Kann mir einer dieses merkwürdige Verhalten erklären???? :shock:



Thomas_v2.1 schrieb:


> Wenn du deinen ersten String mit GetTagChar() abfragst, wird nur diese eine Variable aus der SPS gelesen. Beim nächsten GetTagChar dann die erste UND die zweite, beim nächsten dann die erste, zweite und dritte usw. Das heißt, wenn du deinen 150ten String einliest, wurde der erste 150 mal aus der SPS gelesen, die zweite 149 mal usw.
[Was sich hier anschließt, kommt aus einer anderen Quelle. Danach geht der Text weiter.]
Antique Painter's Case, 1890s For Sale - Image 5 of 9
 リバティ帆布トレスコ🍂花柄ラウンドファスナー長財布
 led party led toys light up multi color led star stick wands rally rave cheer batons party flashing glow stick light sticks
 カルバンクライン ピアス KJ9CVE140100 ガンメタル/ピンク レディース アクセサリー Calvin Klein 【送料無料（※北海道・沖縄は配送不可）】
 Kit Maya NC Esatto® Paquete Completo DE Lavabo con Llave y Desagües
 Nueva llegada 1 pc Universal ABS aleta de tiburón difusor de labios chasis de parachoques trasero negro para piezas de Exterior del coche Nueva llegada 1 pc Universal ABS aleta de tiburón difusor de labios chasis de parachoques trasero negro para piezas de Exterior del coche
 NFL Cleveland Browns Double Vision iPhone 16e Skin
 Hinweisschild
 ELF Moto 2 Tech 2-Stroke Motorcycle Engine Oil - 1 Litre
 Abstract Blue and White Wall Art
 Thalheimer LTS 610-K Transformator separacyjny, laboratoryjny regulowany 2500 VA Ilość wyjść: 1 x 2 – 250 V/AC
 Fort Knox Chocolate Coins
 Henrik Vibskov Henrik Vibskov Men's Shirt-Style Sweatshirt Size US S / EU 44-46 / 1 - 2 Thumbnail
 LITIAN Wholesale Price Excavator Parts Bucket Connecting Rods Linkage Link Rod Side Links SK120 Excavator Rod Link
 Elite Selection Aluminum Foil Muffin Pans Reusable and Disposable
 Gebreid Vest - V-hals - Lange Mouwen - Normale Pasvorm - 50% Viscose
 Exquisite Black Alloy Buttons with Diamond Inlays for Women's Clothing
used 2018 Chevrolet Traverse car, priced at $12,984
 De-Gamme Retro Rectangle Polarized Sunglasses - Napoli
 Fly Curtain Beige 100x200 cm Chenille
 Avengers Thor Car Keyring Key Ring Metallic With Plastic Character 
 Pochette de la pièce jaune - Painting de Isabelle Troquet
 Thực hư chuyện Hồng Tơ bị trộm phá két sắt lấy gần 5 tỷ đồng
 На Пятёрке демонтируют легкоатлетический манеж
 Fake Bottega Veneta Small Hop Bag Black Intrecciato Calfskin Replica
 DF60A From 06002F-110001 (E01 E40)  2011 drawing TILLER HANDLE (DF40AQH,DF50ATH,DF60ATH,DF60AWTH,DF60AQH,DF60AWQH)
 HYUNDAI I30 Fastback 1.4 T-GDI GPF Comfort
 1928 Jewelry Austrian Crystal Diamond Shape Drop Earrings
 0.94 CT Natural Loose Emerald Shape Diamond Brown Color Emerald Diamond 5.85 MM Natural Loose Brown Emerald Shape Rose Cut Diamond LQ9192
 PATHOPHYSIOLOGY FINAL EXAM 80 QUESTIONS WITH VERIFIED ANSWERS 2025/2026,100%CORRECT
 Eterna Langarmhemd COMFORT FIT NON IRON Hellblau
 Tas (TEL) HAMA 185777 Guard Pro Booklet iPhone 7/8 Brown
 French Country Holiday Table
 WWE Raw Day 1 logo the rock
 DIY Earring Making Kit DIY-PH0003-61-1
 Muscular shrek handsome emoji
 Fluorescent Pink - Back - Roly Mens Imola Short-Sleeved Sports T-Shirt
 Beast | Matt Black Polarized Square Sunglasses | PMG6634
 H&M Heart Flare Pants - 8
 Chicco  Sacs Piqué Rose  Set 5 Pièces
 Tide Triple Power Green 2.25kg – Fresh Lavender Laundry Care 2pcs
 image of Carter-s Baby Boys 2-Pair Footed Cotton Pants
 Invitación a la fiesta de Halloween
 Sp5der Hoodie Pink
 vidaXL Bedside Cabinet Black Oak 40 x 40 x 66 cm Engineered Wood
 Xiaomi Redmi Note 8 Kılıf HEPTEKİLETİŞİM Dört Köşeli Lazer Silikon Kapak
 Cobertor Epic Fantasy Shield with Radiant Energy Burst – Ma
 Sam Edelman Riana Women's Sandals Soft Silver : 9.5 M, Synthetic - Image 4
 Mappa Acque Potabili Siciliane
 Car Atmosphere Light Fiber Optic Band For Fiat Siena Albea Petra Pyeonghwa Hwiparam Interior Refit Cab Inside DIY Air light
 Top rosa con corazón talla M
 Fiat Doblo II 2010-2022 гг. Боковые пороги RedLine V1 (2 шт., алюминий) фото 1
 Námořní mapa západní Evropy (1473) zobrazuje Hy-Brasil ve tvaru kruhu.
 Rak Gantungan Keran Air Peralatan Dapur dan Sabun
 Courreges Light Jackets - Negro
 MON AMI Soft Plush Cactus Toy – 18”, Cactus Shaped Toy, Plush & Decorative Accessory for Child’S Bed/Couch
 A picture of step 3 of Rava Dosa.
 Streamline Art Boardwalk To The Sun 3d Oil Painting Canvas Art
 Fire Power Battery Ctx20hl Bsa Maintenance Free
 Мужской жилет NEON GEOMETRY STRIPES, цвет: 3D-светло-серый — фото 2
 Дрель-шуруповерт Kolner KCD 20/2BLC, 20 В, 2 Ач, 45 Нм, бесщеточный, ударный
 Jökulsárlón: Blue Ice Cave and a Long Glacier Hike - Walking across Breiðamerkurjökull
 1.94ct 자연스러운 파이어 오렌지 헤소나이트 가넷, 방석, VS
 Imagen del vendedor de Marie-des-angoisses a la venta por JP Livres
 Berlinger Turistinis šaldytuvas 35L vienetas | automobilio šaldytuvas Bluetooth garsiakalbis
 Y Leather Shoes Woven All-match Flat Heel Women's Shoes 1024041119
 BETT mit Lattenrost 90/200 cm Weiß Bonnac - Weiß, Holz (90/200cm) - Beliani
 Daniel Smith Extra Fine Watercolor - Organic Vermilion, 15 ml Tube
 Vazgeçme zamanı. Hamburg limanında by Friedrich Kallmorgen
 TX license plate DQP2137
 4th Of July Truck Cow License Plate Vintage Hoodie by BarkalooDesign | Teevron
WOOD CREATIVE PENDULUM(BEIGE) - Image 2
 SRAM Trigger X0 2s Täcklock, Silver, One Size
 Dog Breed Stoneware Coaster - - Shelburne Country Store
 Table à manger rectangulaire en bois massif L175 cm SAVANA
Ich habe es grade nur mit 16 Strings getestet, das benötigt schon 8 Sekunden.


:shock: Wie Bitte? Das heißt wenn man Constraints wie:

```
for(i = 0; i<=150; i++
{
     sprintf(CharVarName,"SPZM_Art%d.ArtBez,i);
     GetTagChar(CharVarName);
}
```
verwendet wird also folgendermaßen vorgegangen????
i=1: Lesen von: SPZM_Art1.ArtBez
i=2: Lesen von: SPZM_Art1.ArtBez; SPZM_Art2.ArtBez
i=3: Lesen von: SPZM_Art1.ArtBez; SPZM_Art2.ArtBez; SPZM_Art3.ArtBez
i=150: Lesen von: SPZM_Art1.ArtBez; SPZM_Art2.ArtBez; SPZM_Art3.ArtBez; ........................................................................... SPZM_Art150.ArtBez

*Ernsthaft?!?! Erklärt auch warum das lesen der 150 Strings zuerst schneller geht und je höher die Nummer (1-150) desto langsamer wird es.
 Was haben den die Leute die sich das ausgedacht haben geraucht? Gilt das auch für andere Typen außer GetTagChar????

Das mit dem GetTagMultiWait werde ich natürlich auch probieren!*

DANKE erstmal!


----------



## Thomas_v2.1 (10 Dezember 2013)

RONIN schrieb:


> Ernsthaft?!?! Erklärt auch warum das lesen der 150 Strings zuerst schneller geht und je höher die Nummer (1-150) desto langsamer wird es.
> Was haben den die Leute die sich das ausgedacht haben geraucht? Gilt das auch für andere Typen außer GetTagChar????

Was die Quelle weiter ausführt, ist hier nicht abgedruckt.